From: Antoon Goderis
Subject: Re: [Myexperiment-discuss] i need some workflows :-)
Date: Fri, 6 Apr 2007 07:36:27 +0100 (BST)

Hello

> Antoon - is there something we can start using immediately?  The goal at
> the moment is just to get some experience rather than putting lots of
> effort into making sure it's the right decision (that comes later!)

> > > In a way an Inchi is a canonical digest of a molecular structure.  You can
> > > imagine one or more types of digest of workflows such that google finds
> > > "similar" workflows, where "similar" will be a function of the digest.
> > > In the myExperiment context one would want some form of digest that
> > > works across multiple workflow systems.  I'm just thinking out loud - I
> > > expect people have thought about this already.  It came up because
> > > Don is mapping workflow descriptions to OAI.
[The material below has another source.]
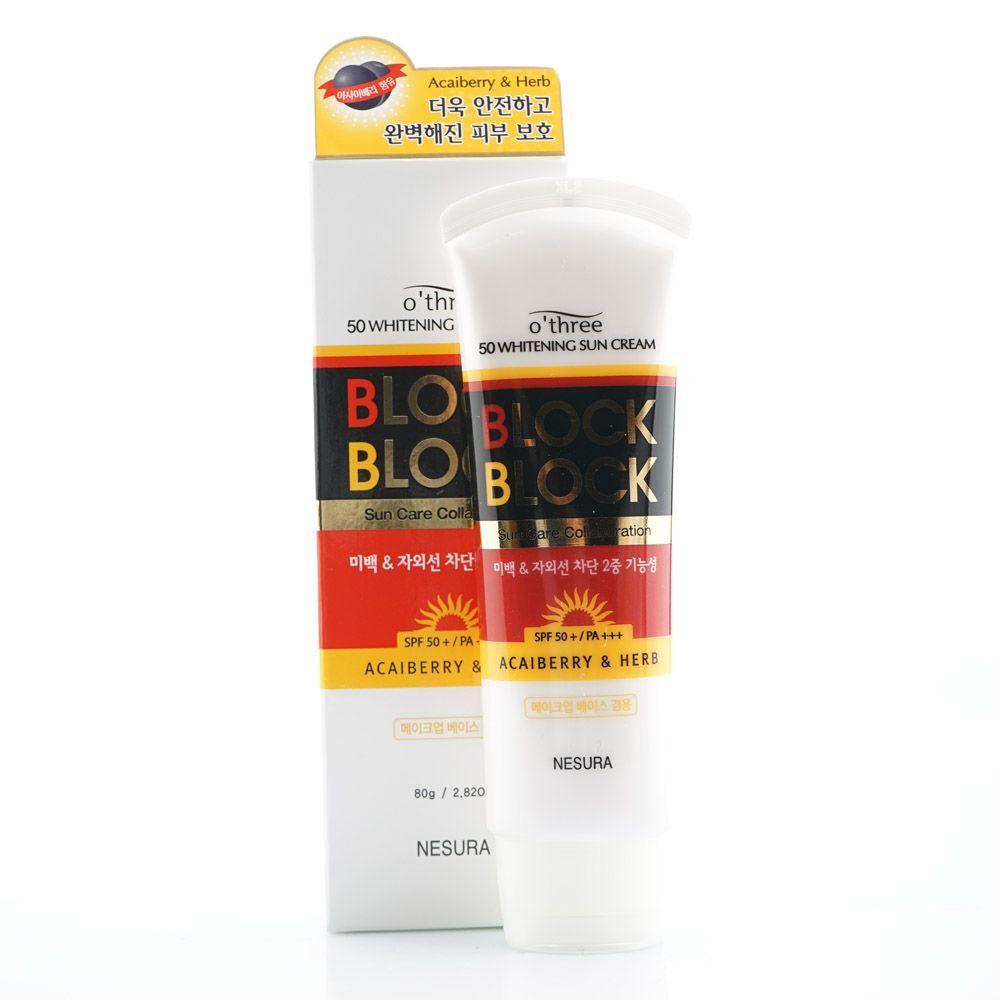 NESURA CDFWBCEY Солнцезащитный крем Otri Block Отбеливающий солнцезащитный крем 80 г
The thing is: where do you want to measure similarity and for what
purpose. What you include in the digest should reflect the purpose. I
don't believe in a single measure of similarity any more.

You could look for similar templates, similar end designs or
similar provenance graphs. The purpose could be to find inspiration, to
repeat running someone else's workflow, re-use it by slight parameter
adaptation or repurpose it by altering structure. In general, I've been
focussing on the case of similarity between end designs to support people
repurpose their existing workflow based on others.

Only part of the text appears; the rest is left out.